Paul Galanti Speaks Out on Kerry
By John M. Glionna
Los Angeles Times
Paul Galanti learned of Kerry's speech while held captive inside North Vietnam's infamous "Hanoi Hilton" internment camp. The Navy pilot had been shot down in June 1966 and spent nearly seven years as a prisoner of war.
During torture sessions, he said, his captors cited the antiwar speeches as "an example of why we should cross over to (their) side."
"The Viet Cong didn't think they had to win the war on the battlefield," Galanti said, "because thanks to these protesters they were going to win it on the streets of San Francisco and Washington."
He says Kerry broke a covenant among servicemen never to make public criticisms that might jeopardize those still in battle or in the hands of the enemy. Because he did, Galanti said, "John Kerry was a traitor to the men he served with."
Now retired and living in Richmond, Va., Galanti, 64, refuses to cool his ire toward Kerry. "I don't plan to set it aside.
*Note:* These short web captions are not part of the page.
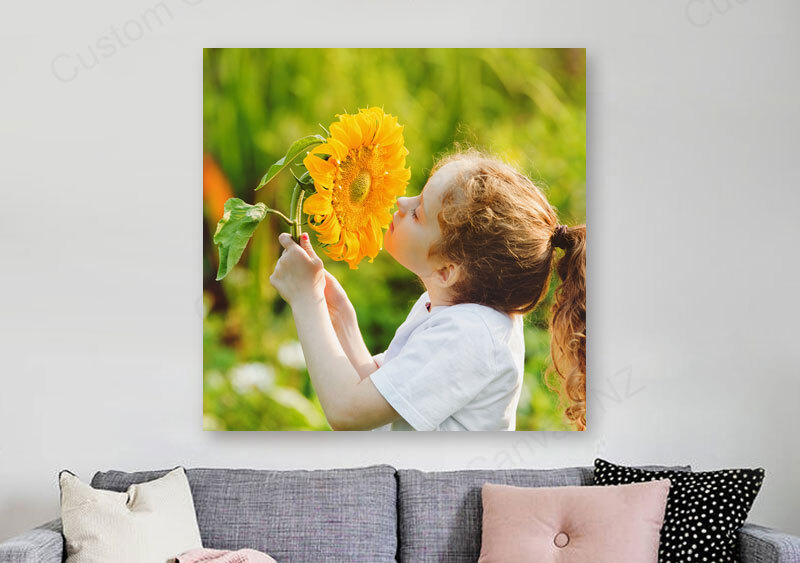 Custom canvas product hanging on living room wall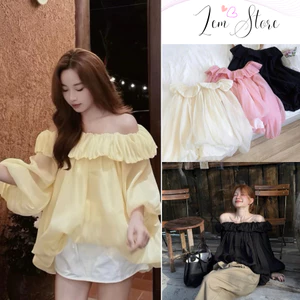 Áo Trễ Vai Viền Bèo Tay Bồng Tơ Dáng Bí Phồng Mềm Mại, Style Tiểu Thư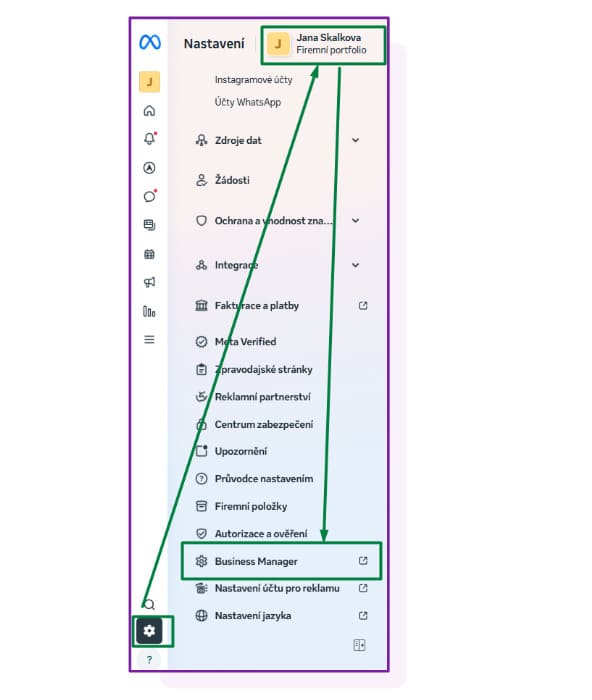 Jak přepnout z Business Suite do Business Mangeru.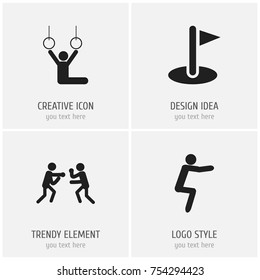 Set Of 4 Editable Fitness Icons. Includes Symbols Such As Acrobat, Workout, Flag And More. Can Be Used For Web, Mobile, UI And Infographic Design.
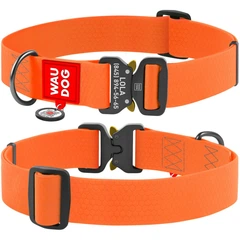 Нашийник WAUDOG WATERPROOF з QR паспортом для великих собак, водостійкий, пряжка-фастекс з площадкою для гравіювання, 46-70 см 40 мм Помаранчевий (28014)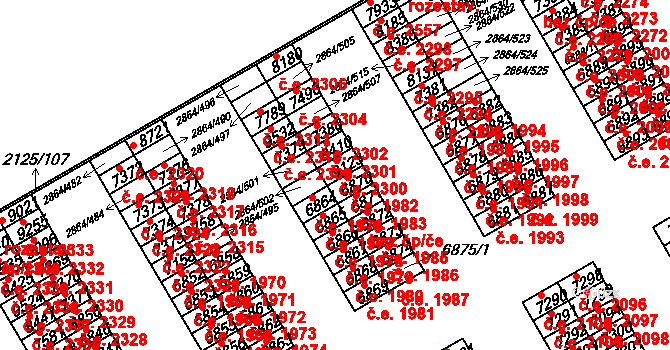 Hodonín 2300 na parcele st. 9123 v KÚ Hodonín, Katastrální mapa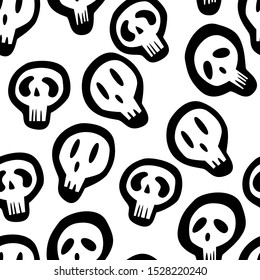 Seamless pattern with white skull and crossed bones isolated on white background. Vector illustration lettering for design, web, wrapping paper, fabric.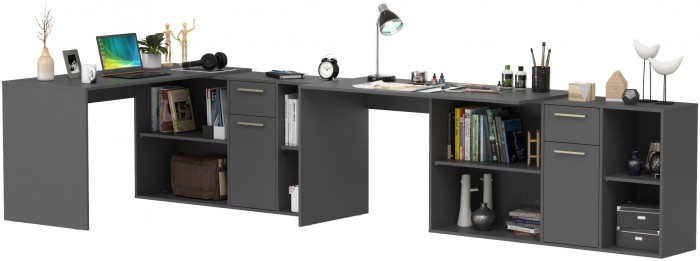 Лайт Стол письменный 03.245.01 + 03.245.01, цвет тёмно-серый, ШхГхВ 342,9х136,2х75,2 см.(угловой) или 407,4х60х75,2 см.(прямой), универсальная сборка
I don't know anyone who does," he said. "The Vietnam Memorial has thousands of additional names due to John Kerry and others like him."
Galanti's military decorations include the Silver Star, Two Legions of Merit for combat, the Meritorious Service Medal, the Bronze Star for combat, nine Air Medals, the Navy Commendation Medal for combat and two Purple Hearts.